Als „Klonen“ bezeichnet Sofro­nieva das Ver­fahren, mit dem ihre Gedichte manchmal als par­al­lele Ver­sionen gleich­zeitig in meh­reren Spra­chen ent­stehen. In ihrer Prosa scheint sich die Autorin in vielen Texten selbst zu „klonen“ und  Erzähl­in­stanzen zu schaffen, die nicht nur wesent­liche bio­gra­phi­sche Merk­male mit ihr teilen, son­dern sich durch ver­deckte Hin­weise im Text als Autorin selbst zu erkennen geben – ein Vor­gehen, das die Grenzen der Fik­tio­na­lität in Frage stellt und eine starke Unmit­tel­bar­keit erzeugt. Indem die Erzähl­in­stanz oder ein­zelne Figuren den Namen der Autorin tragen, wird beim Leser auto­ma­tisch bio­gra­phi­sches Hin­ter­grund­wissen über diese akti­viert. Dieses ver­meint­lich auto­bio­gra­phi­sche Schreiben erweist sich jedoch als Hin­ter­halt, wird durch Über­trei­bung und Sti­li­sie­rung kon­ter­ka­riert und ver­wei­gert sich somit einer Hal­tung der Zeu­gen­schaft, die gerade in Bezug auf die Debatte um „Migran­ten­li­te­ratur“ in der Ver­gan­gen­heit eine wich­tige Rezep­ti­ons­ka­te­gorie war.
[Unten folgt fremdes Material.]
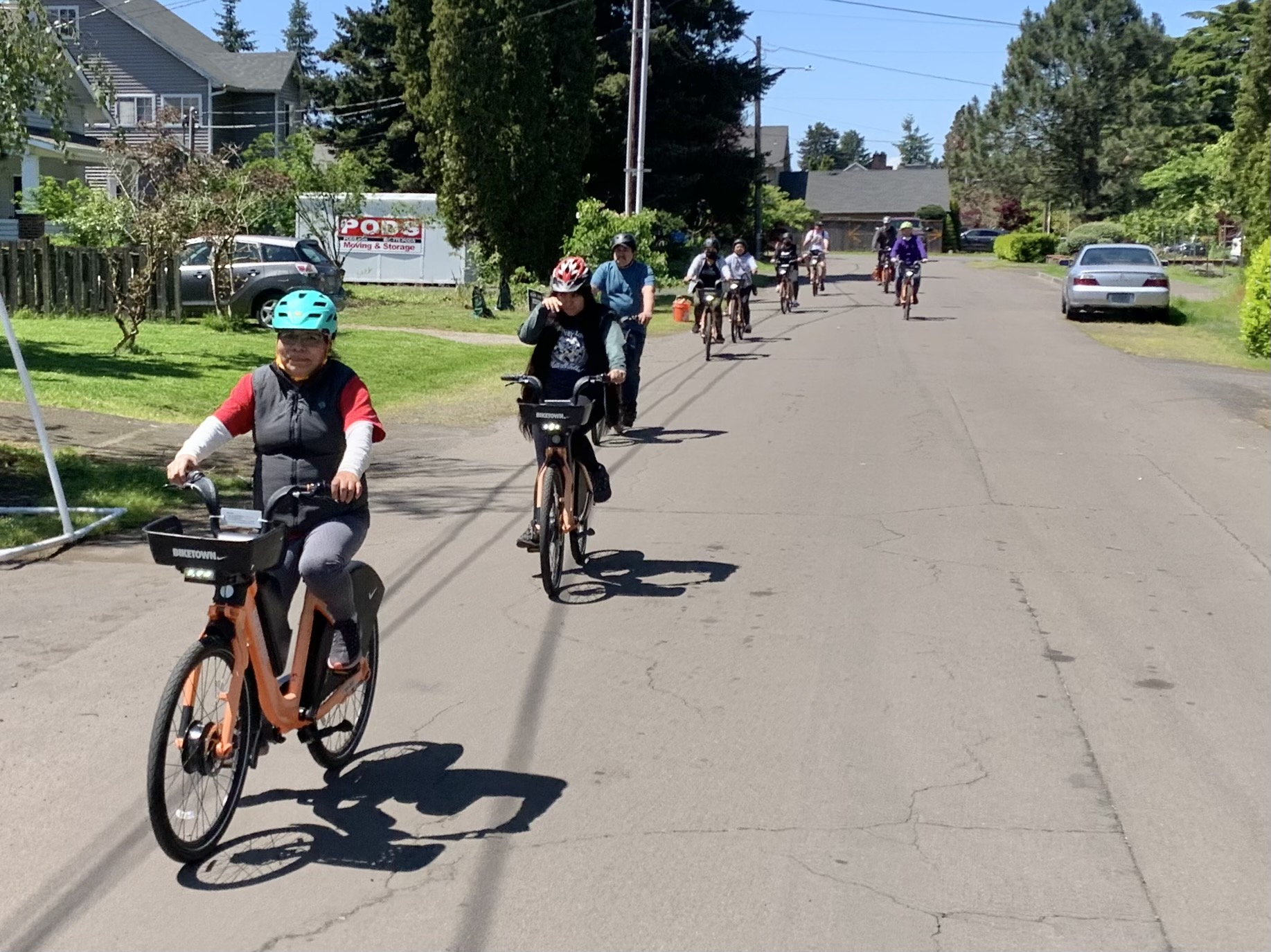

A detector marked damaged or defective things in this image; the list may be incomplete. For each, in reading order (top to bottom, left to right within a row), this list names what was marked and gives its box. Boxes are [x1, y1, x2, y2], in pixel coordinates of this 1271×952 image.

crack in asphalt [1011, 572, 1179, 951]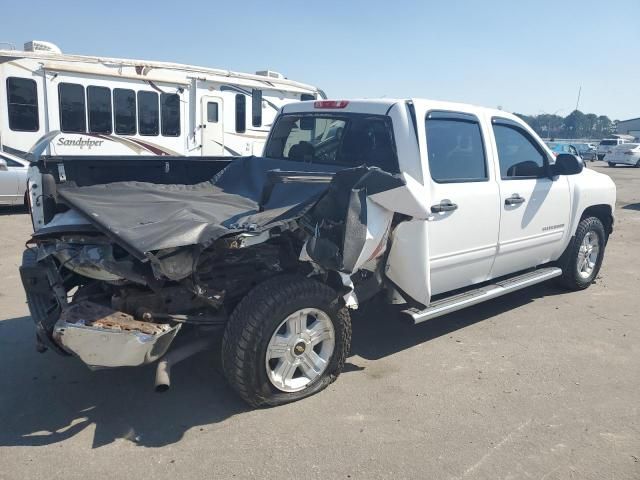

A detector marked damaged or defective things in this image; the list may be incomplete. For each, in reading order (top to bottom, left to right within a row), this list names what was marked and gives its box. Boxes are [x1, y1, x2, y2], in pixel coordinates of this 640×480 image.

cracked asphalt [0, 162, 636, 480]
damaged pickup truck [21, 99, 616, 406]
Durch das „Ver­wirr­spiel der Iden­ti­täten“ ver­hin­dert die Autorin eine Lek­türe, die ihren Texten eine Brü­cken­funk­tion zuschreibt, sie als authen­ti­sche Dar­stel­lung einer Kultur oder die Illus­tra­tion kul­tu­reller Unter­schiede sehen will.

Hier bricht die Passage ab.